**Goal of the exercise:** Every record below needs to be written out exactly, apart from the pictures.

**Input data:**
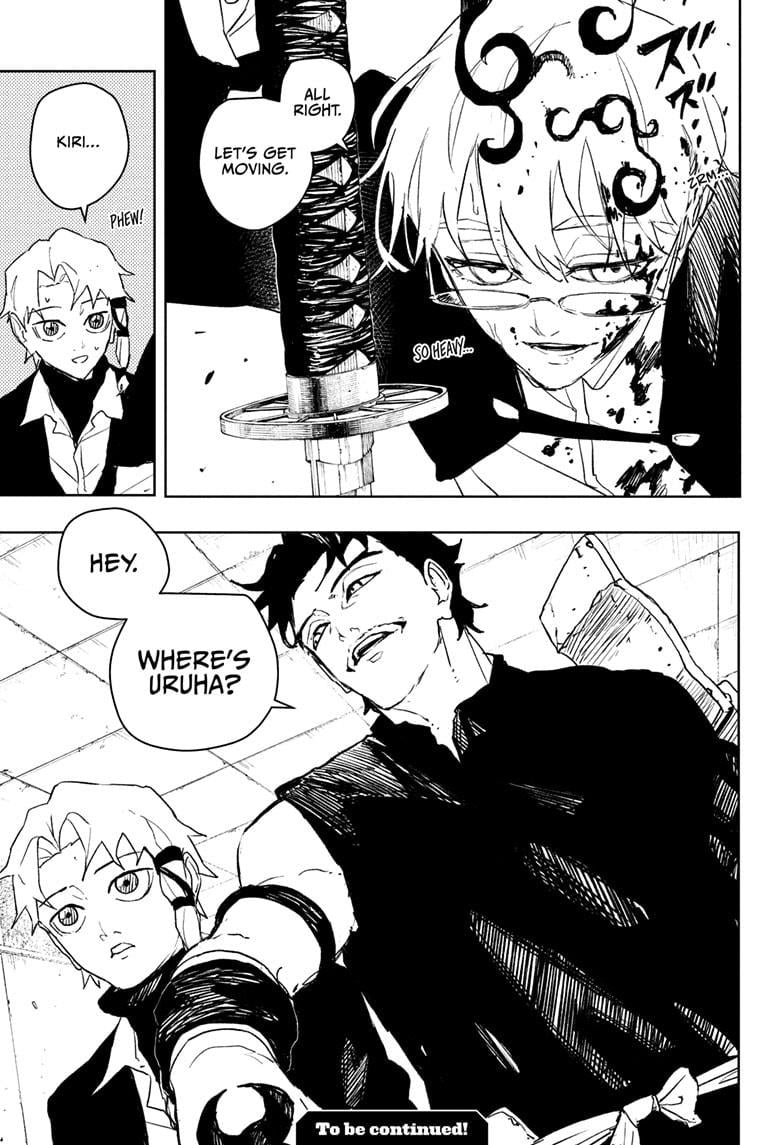 Kagurabachi, Chapter Chapter 90 image 19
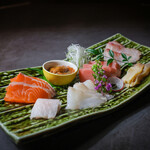 地酒炭焼肴や - 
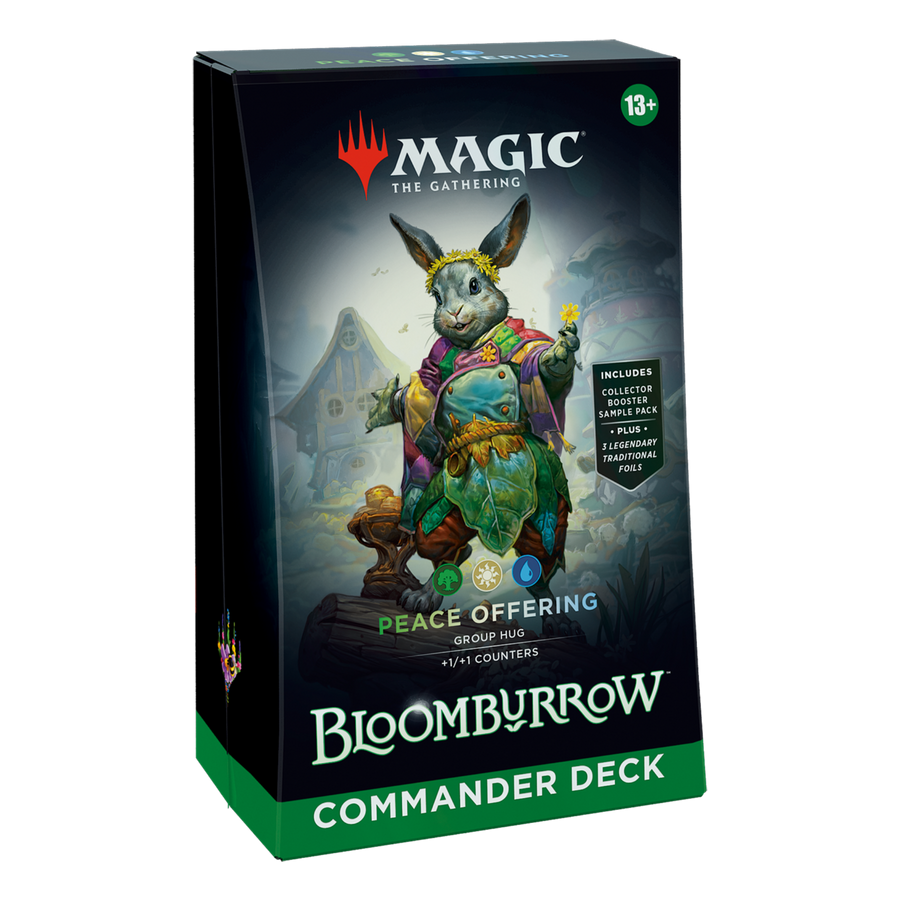 Bloomburrow Commander Deck: Peace Offering, Magic: The Gathering, sealed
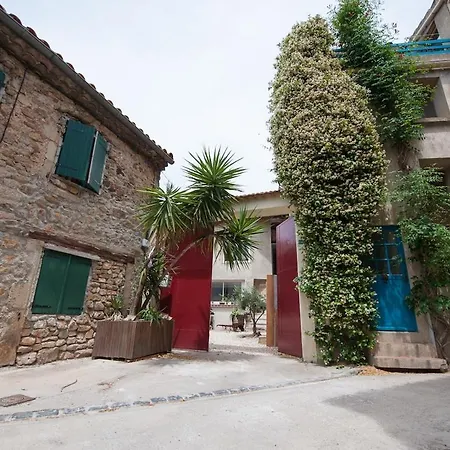 Old Wine Storehouse And Its Outbuilding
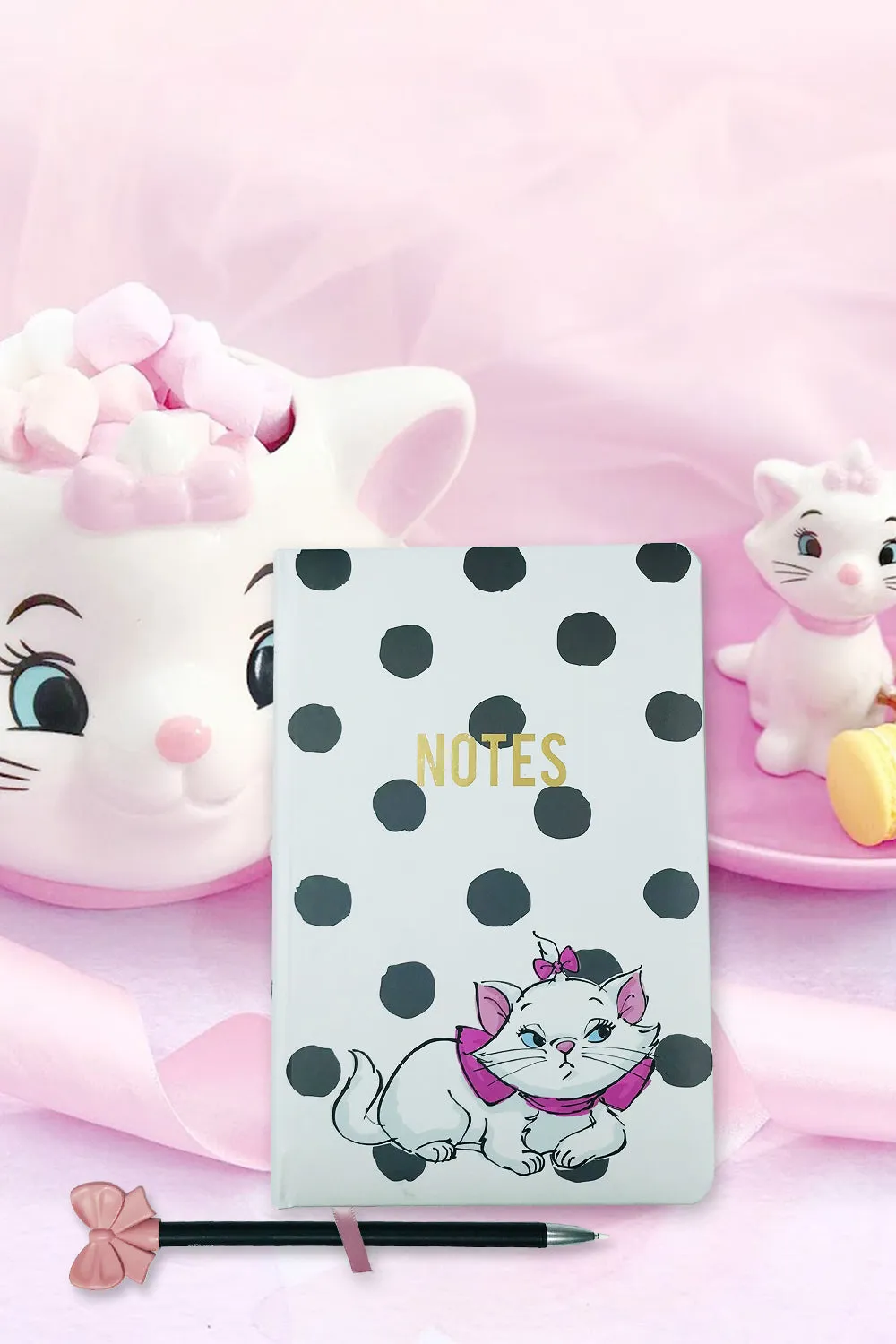 Disney Aristocats Diary & Pen Set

**The completed task:**
 Kagurabachi, Chapter Chapter 90 image 19
 地酒炭焼肴や - 
 Bloomburrow Commander Deck: Peace Offering, Magic: The Gathering, sealed
 Old Wine Storehouse And Its Outbuilding
 Disney Aristocats Diary & Pen Set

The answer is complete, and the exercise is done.